The one subject guaranteed to start fireworks today is children. Hence the pyrotechnics whenever Pope Francis talks of rabbits, sterility or contraception. Judging from my 16 years teaching family law, the law struggles with children too, for reasons similar to why individuals do. A church trying to figure out how to speak about marriage and family needs to understand this struggle, given that lawmakers are now considering redefining marriage—the last and most basic “place” where family law safeguards children.
The matter of children is fraught for many reasons. Children require parents to reorient their whole lives. It’s a big “ask.” Then there is the conflict of interests: adults are tempted to make decisions favoring themselves, even while they are also responsible to make decisions for children. At least they have the ties of blood, marriage or adoption to sway them toward children. Politicians making laws affecting children, however, have none of these ties, and it is their adult constituencies, not children, who vote and donate to campaigns.
Finally, children begin at sex, and the circumstances into which they are born have profound consequences for their long term well-being. But this means that adults must respect certain sexual and marital norms—norms many reject as harsh or unrealistic. And politicians are not eager to pass laws perceived to violate adults’ sexual or privacy interests.

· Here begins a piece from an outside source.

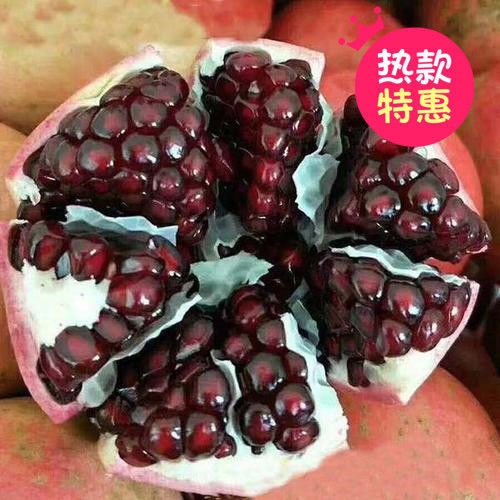 和田突尼斯软籽庭院南方特大石榴树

Lawmakers in the United States have always attached unique incentives and processes to the forming and dissolving of marriage, on the grounds that marriage is the only union promoting the birth and rearing of children within the stable care of their parents. The legal record is clear. This rationale may be supplanted by adults’ interests, however, should lawmakers reconceive marriage as a set of adult emotional and sexual attachments, and a remedy for past discrimination against L.G.B.T. persons.
If marriage is so redefined, it would be the last act in the ongoing story told by American family law: the state’s dwindling concern to link children stably with the adults who conceived them. This is not to suggest that the state’s earlier mechanisms were perfect. It was right to abolish the disadvantaging of “illegitimate” children, even though this was intended to persuade adults toward marital children. It was also true that fault divorce was easily gamed by couples colluding to manufacture a fault.
At the same time, it was clear that adults’ interests fashioned no-fault divorce and other laws and programs dismantling protections for children. Also, little thought was given to finding new ways to do what older tools had done: protect children within their parents’ care. Even more disturbing, proponents of these new laws and customs claimed that children would be thereby better off, against common sense and without evidence. Thus proponents of no-fault divorce insisted that children would be “resilient” and even triumphant in a no-fault world because they would escape nasty home environments. Yet later evidence showed that on average divorce harms children and that most divorces did not follow notably conflictual marriages. Proponents of large-scale contraception programs and of reproductive technologies promised new happiness for women and children when all children were “intended.” Experience, however, showed that the new sex and parenting “marketplaces” created by these developments put women and children at a disadvantage.
A similar pattern characterizes the movement for same-sex marriage. Adults’ interests drive the train. Only children raised in same-sex unions are mentioned, and then only to speculate, without evidence, that recognizing the adults’ unions will indirectly improve the lives of the children. Data concerning these children’s well-being is only just emerging, however, and it is not reassuring. Further, about 85 percent of these children have legally recognized mothers and fathers (from their conception in a prior heterosexual relationship involving one of the now same-sex partners) such that legalized same-sex marriage won’t affect their parents’ situation.
Chesterton was right that the “hardest thing in Christianity” is acknowledging how much other people matter. Hardest of all is accepting our obligations to those who demand the most from us and require us to make hard choices contrary to our self-interest and current social tides—children.